Assez de temps pour permettre aux opérateurs qui n’en voulaient pas de gagner du temps et de s’y préparer. Ils ont recours à cette même stratégie dans tous les pays qui ont cherché à introduire la portabilité.
Cinq ans ! Trop de temps pour les consommateurs qui, las d’attendre, ont développé d’autres stratégies, ont recouru à d’autres alternatives dans leur recherche d’une meilleure qualité de service des télécoms, une meilleure couverture, des tarifs plus justes et plus transparents.
Ils ont eu recours à l’achat de plusieurs portables, l’achat de puces des différents opérateurs qu’ils utilisent à tour de rôle dans le même téléphone selon leur avantage et les…promotions ; l’achat de portable pouvant porter une double ou triple puce ; la prise du même numéro chez tous les opérateurs précédés de leurs préfixes ; ou enfin le changement d’opérateur vers le plus avantageux.
Ils ne se résolvent cependant à cette dernière option qu’en dernier recours et souvent sur un dépit d’amoureux ou un coup de gueule avec leur opérateur, car ils ont peur de perdre leur carte d’identité, je veux dire leur numéro de téléphone sous lequel tout le monde (parents, amis, relations d’affaires, correspondants) les connaît.
Ce temps d’attente aurait été moins amer pour nous si nous avions senti une bonne préparation des usagers et consommateurs pour leur permettre de tirer le meilleur profit de cette innovation. L’appropriation nécessaire pour porter ce genre d’innovation ne peut avoir lieu car il n’y’a pas eu de préparation et de campagne sociale nécessaire pour cela. L’ARTP n’a prévu qu’une réunion avec les consommateurs et à la veille du lancement de la portabilité au Sénégal ; avec comme objet les informer des « enjeux de la portabilité, les différentes étapes du projet et du lancement ».
La bataille de la portabilité portera principalement sur le prépayé.
Quelle stratégie de communication a été mise en place pour ces consommateurs prépayés qui constituent 90% des usagers pour les informer de ce qu’est la portabilité, comment y recourir, les pièges à éviter, les convaincre de sa pertinence et les préparer à son utilisation effective. En un mot les pousser à s’approprier la portabilité.
C’est un travail de proximité, d’information et d’éducation sur les enjeux de la portabilité qu’il aurait fallu faire, au moins un mois avant le lancement, comme ce fut le cas pour l’identification des numéros.
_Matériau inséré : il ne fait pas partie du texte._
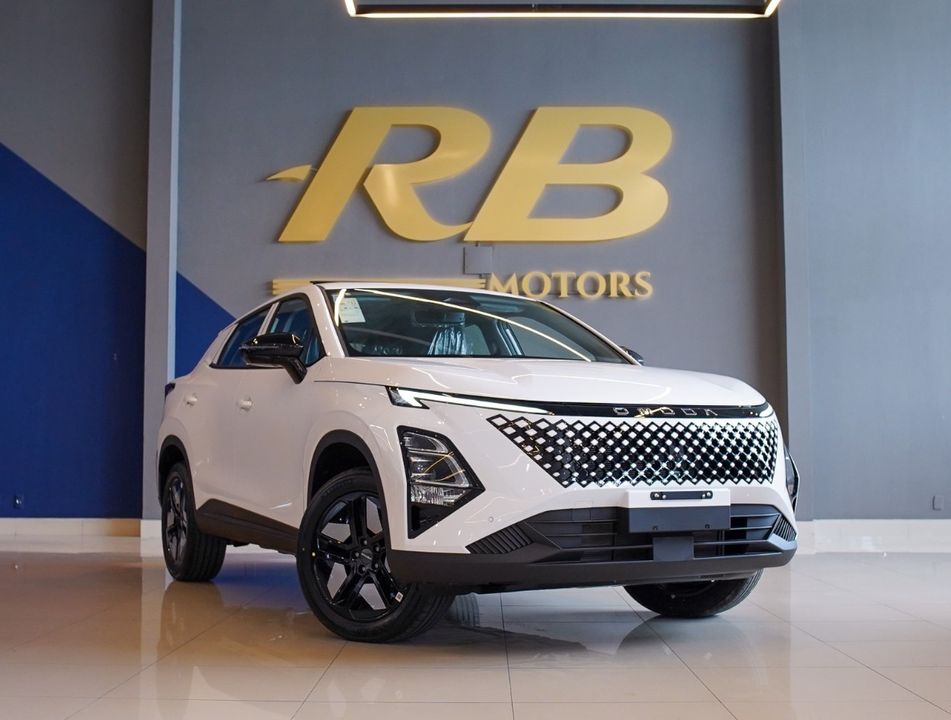 Omoda 5 Luxury 1.5 TB FWD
Il y a eu quelques panneaux publicitaires ici et là, sur les grandes artères et dans les quartiers huppés, quelques bandeaux à la une dans la presse et les sites web, un article sur le site de l’ARTP. Pas suffisant ! Pas efficace ! Pas efficient ! Ces supports s’adresseraient peut être plus aux usagers post payé.
Ceci risque de faire paraître et de réduire la mise en place de la portabilité à un artifice juridique pour attirer un autre opérateur sur le marché et faciliter ainsi la vente d’une quatrième licence.
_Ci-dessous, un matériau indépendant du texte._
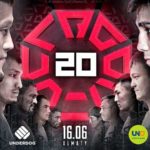 OCTAGON-20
Ce serait dommage ; car nous voulons un vrai environnement concurrentiel, une portabilité portée par les consommateurs.
C’est comme ça que nous pourrons contrecarrer l’argument que ne manqueront d’utiliser les critiques de la portabilité en réduisant l’innovation au nombre de numéros portés.
Non! L’objet de la portabilité, c’est de donner la possibilité à l’usager de se savoir libre de migrer vers un autre opérateur quand il sait que l’autre fait mieux. C’est l’opérateur qui lui « court après » et non plus le contraire ! Il n’est plus un client captif d’un opérateur.
La portabilité est une fonctionnalité qui rend le marché plus compétitif et renverse la logique et la stratégie de l’opérateur en l’obligeant à mettre l’accent autant sur le « recrutement » que sur la « rétention du client”. Donc sa stratégie sera basée plus sur un meilleur service: la qualité, les tarifs et la couverture du territoire deviennent les leviers pour attirer et retenir les clients.
Sous cette perspective même si c’est un (1) seul usager qui a effectivement fait le portage de son numéro, c’est un succès ; car pourrait signifier que les opérateurs ont fait les efforts nécessaires pour retenir leurs clients.